# Answering Business Questions using SQL

In this project we will be working with modified version of Chinook database. The Chinook database contains information about a fictional digital music shop.

Check more about Chinook database here : https://github.com/lerocha/chinook-database

Here we will be using 'chinook.db' (sqlite databse) and write SQL queries to extract the relevant data to answer speific business questions.

Importing the required modules

In [6]:
import sqlite3
import pandas as pd

Here we are importing 'pandas' as we can also use 'pandas' to run queries and it will produce dataframe outputs which will be displayed as tables.
We just need to pass the connection object along with the query to the pd.read_sql() to get the results of the query as a data frame.
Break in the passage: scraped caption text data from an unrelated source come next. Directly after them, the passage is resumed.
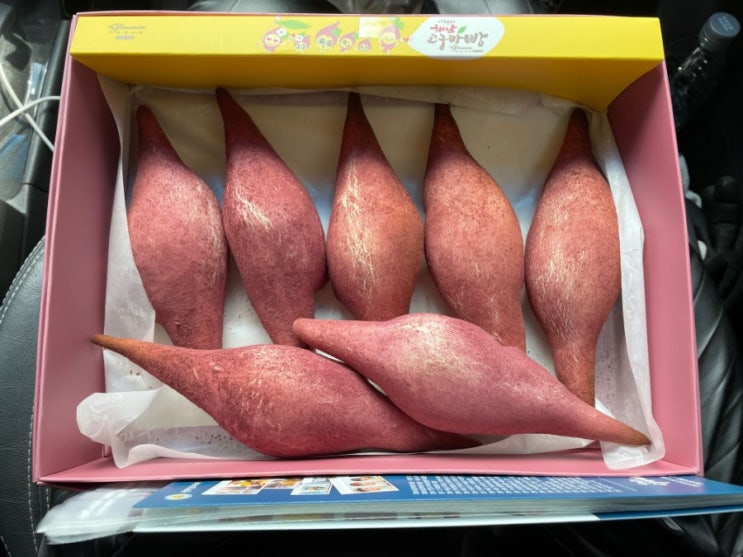 해남 고구마빵 유명한 피낭시에 방문했어요 해남 고구마빵 유명한 피낭시에 방문했어요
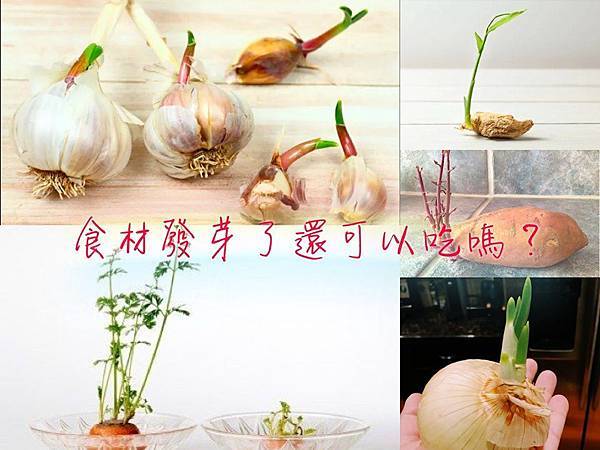 馬鈴薯發芽了還可以吃嗎?蔥薑蒜發芽了還可以吃嗎?一次全都告訴你 - 第1張圖 71180838_2398315287123617_4055213038897201152_n.jpg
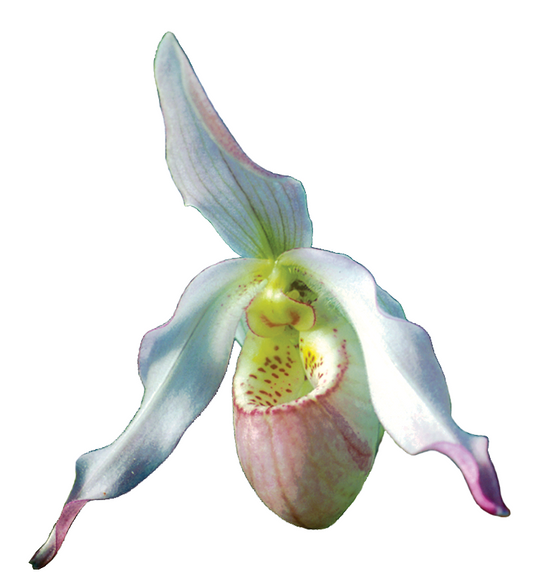 Renewing Life Essence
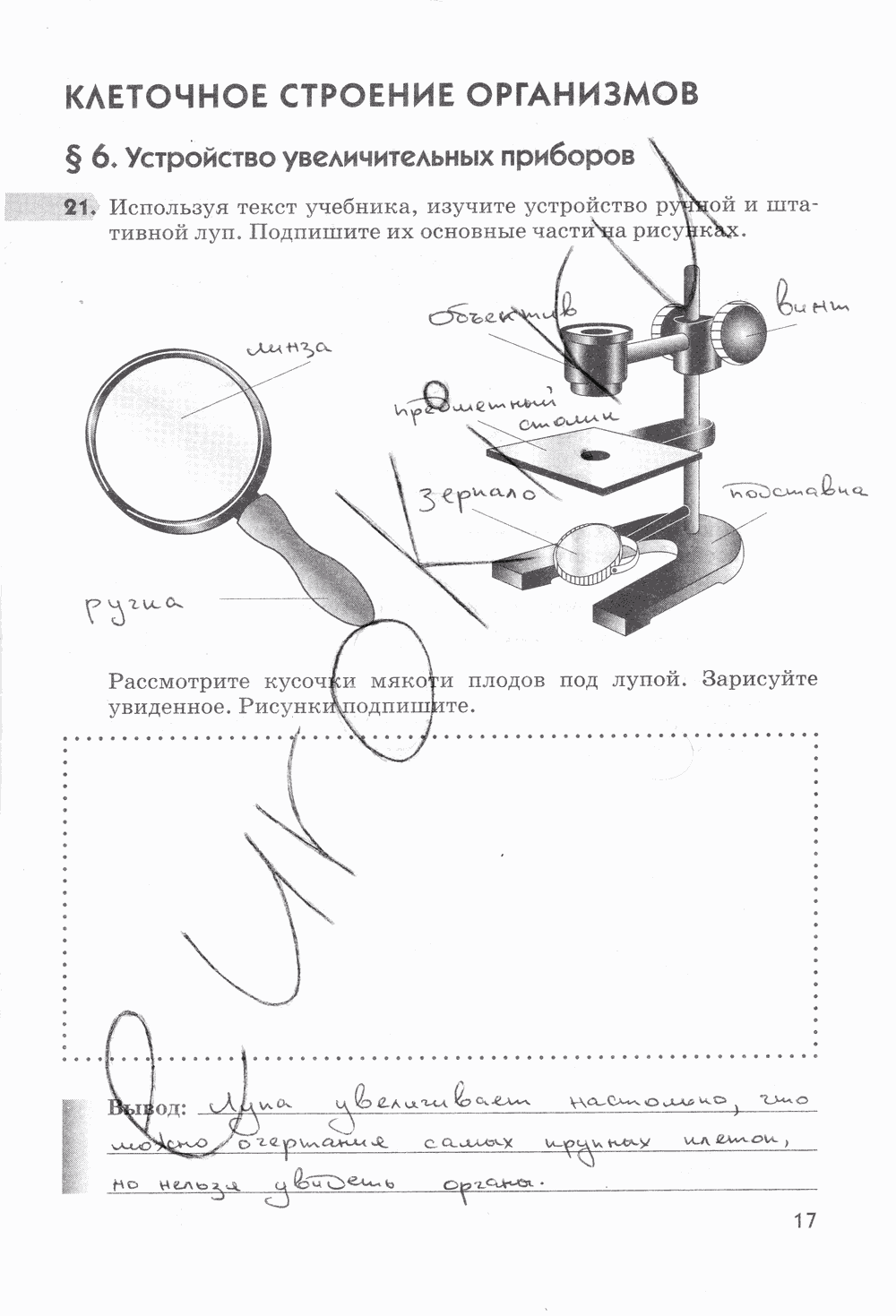 Рабочая тетрадь, 5 класс, Пасечник В.В., 2013 - 2016, задание: стр. 17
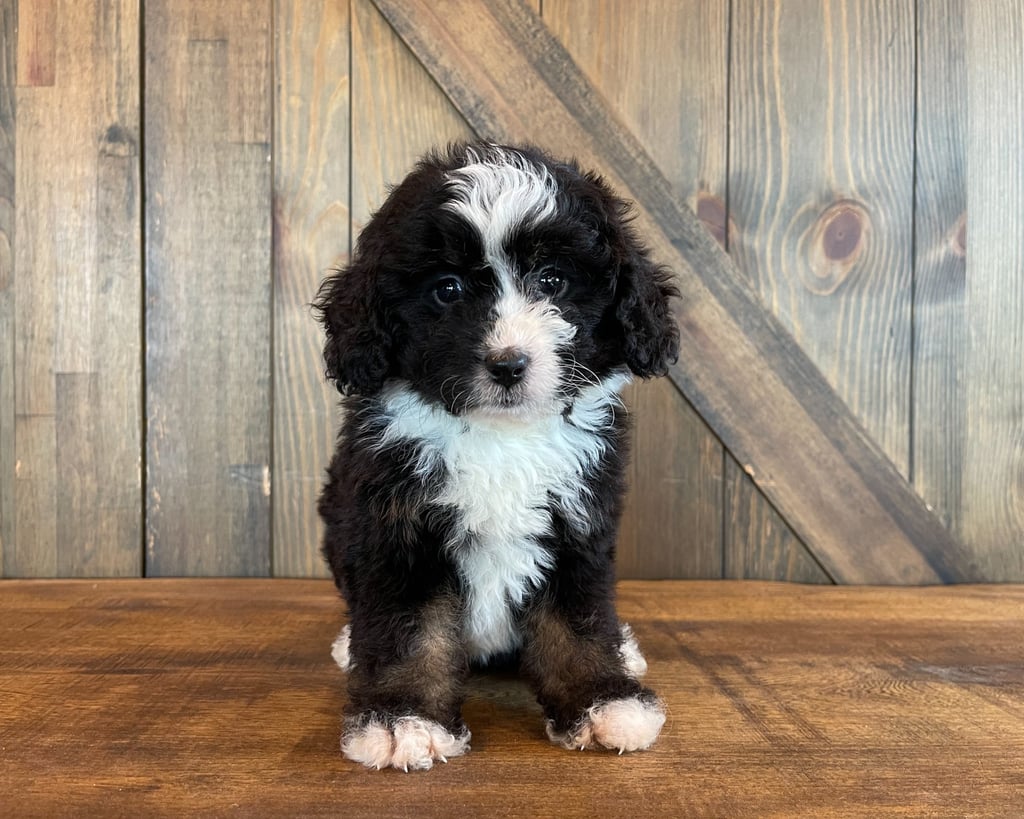 A picture of a Ariel, one of our Standard Bernedoodles for sale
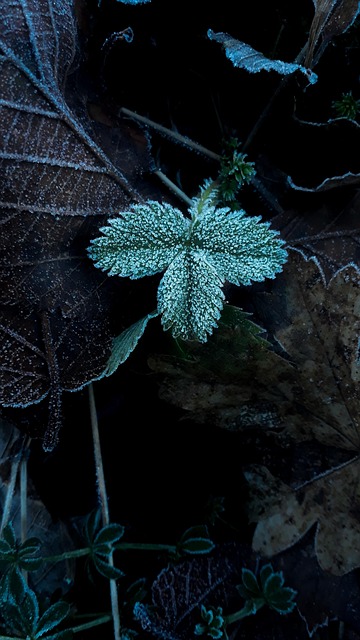 Free Flower Dew photo and picture
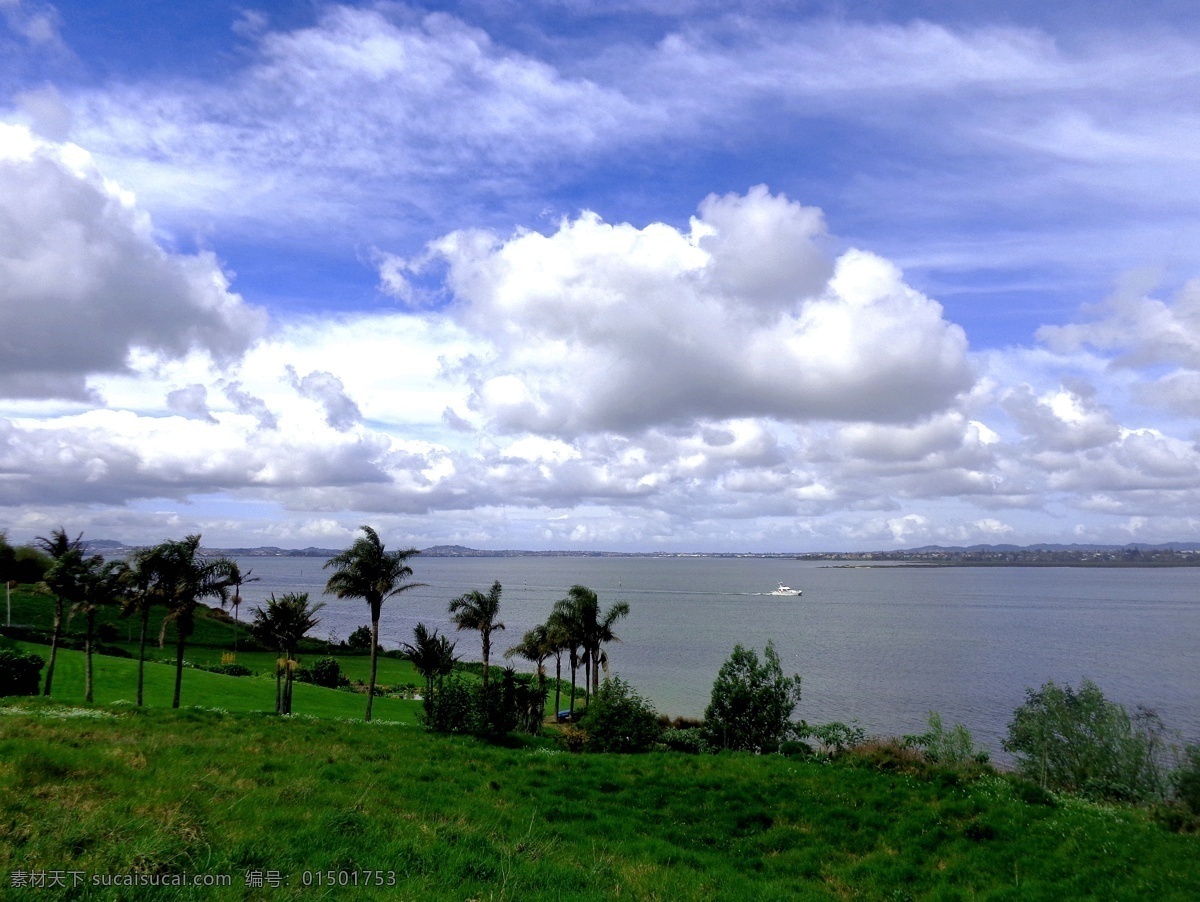 新西兰 海滨 自然风光 天空 蓝天 白云 云朵 大海 海水 海湾 山坡 绿树 棕榈树 绿地 草地 风光 自然景观 自然风景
First, let us create some helper functions so that we can simply call these functions every time we want to run specific task. (Ex: Running a query, Creating, Inserting or Modifying a table, Listing all tables)

In [7]:
def run_query(query):
    with sqlite3.connect('chinook.db') as conn:
        return pd.read_sql(query, conn)

The above function executes the given query and returns the result as a pandas data frame. We can use this function when our query is returning a table.

Now, let us write another function to run commands that don't return any result tables like 'CREATE', 'INSERT' and 'ALTER' statements.

In [8]:
def run_command(command):
    with sqlite3.connect('chinook.db') as conn:
        conn.isolation_level = None
        conn.execute(command)

In the above function the 'conn.isolation_level = None' tells SQLite to autocommit any changes immediately without waiting until end of transaction block.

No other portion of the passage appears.